倒幕から明治維新に至る要因はいろいろありますが、いわゆる雄藩といわれる薩摩、長州などの下級武士が大きな働きをしました。薩摩の西郷、大久保であり、長州の高杉晋作、木戸孝允(桂小五郎)らです。
ところが明治政府になって武士は微妙な存在になっていきます。四民平等となり武士の特権が次々となくなっていくのに、なかなか武士としての気持ちが抜けきらない。武士は本来「軍事力」であったわけですが、徴兵制によって庶民による軍隊がつくられます。「士族」と呼ばれるようになった武士たちは戦いのプロとして徴兵制=庶民による軍隊を軽蔑しきっていました。このような元武士=士族たちをどう処遇していくかが明治政府にとって悩みの種となっていくわけです。

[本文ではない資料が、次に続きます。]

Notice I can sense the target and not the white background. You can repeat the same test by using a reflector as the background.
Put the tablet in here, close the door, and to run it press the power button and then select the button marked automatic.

西郷も大久保も、この古い武士を一掃する、士族をなくさなければ近代国家は作れないということにおいては意見に違いはなかったと思います。西郷は士族の象徴のように思われがちですが、合理的な思考、先を見通す能力がなければリーダーにはなれなかったでしょう。

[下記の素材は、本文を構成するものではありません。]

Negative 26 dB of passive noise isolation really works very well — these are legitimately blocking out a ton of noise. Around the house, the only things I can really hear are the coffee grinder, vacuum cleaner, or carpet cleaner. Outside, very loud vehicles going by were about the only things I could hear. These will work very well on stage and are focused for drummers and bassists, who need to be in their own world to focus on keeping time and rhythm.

鹿児島の私学校生徒というのは、まさにこのかつての武士を引きずっている人たちの集団です。その集団に戦争をさせる、そして敗れてもはや武士はいらないと世の中に知らしめる、あわせて、士族が軽蔑していた庶民による軍隊が十分に戦えることをしめそうとした、そのために仕掛けられたのが「西南戦争」だった、というわけですね。
もちろん、何らかの史料的裏付けがあるわけではありませんし、そのために同じ国民同士が殺し合いをするというのはめちゃくちゃな話ではあります。西南戦争で士族による反乱、反政府活動は終わり、西南戦争後に徴兵による軍隊が近代国家の軍隊として日清戦争、日露戦争などを担っていきます。西南戦争の結果から戦争前にさかのぼって西郷、大久保の意図はそれだったというのは歴史研究のルール違反ではあり、小説ならではと割り切ればいいのかもしれません。
とはいえです。まさに倒幕の戊辰戦争から明治の新政府建設に手を携えて邁進した西郷、大久保の関係性を考えると、斎藤一の語り(つまりは浅田さんの見方)は無視しきれないのです。
斎藤一が加わった新選組は幕末の京都で、京都守護職・会津藩のもとで治安維持にあたった軍・警察のような組織といったらいいでしょうか。傭兵部隊という言い方もできるかもしれません。新選組は幕府が倒れた後、事実上解散となり、そのメンバーの多くは戊辰戦争で戦死したり、新政府軍に捕らえられたりします。斎藤は生きのびて警視庁の警察官として後半生を過ごします。
西南戦争では、徴兵軍のほかに警視庁の警察官の部隊も九州に出動し、薩摩の士族軍と戦います。斎藤にとっては、戊辰戦争敗戦のリベンジでもあったわけです。斎藤はいわば旧幕府方ですが警視庁警察官には薩摩、鹿児島県出身者も多かったのです。
江戸時代の薩摩藩では武士階級内でも厳しいランクづけがあり、恵まれた上層の武士層に対して困窮していた下層(下級)武士はずっと恨みを持っていました。その下層武士出身者が多く警視庁警察官になっていました。彼らにとっても西南戦争は長年の恨みへのリベンジ戦だったのです。(というかそういう警察官の感情を上手く使ったということでしょう)
波瀾にみちた半生を送った斎藤には、かつての「敵」だった薩摩への関心はずっと残り、西南戦争で死んだ西郷、そのすぐ後に暗殺された大久保の後の時代を生きながら「今になって思えば」と語るわけです。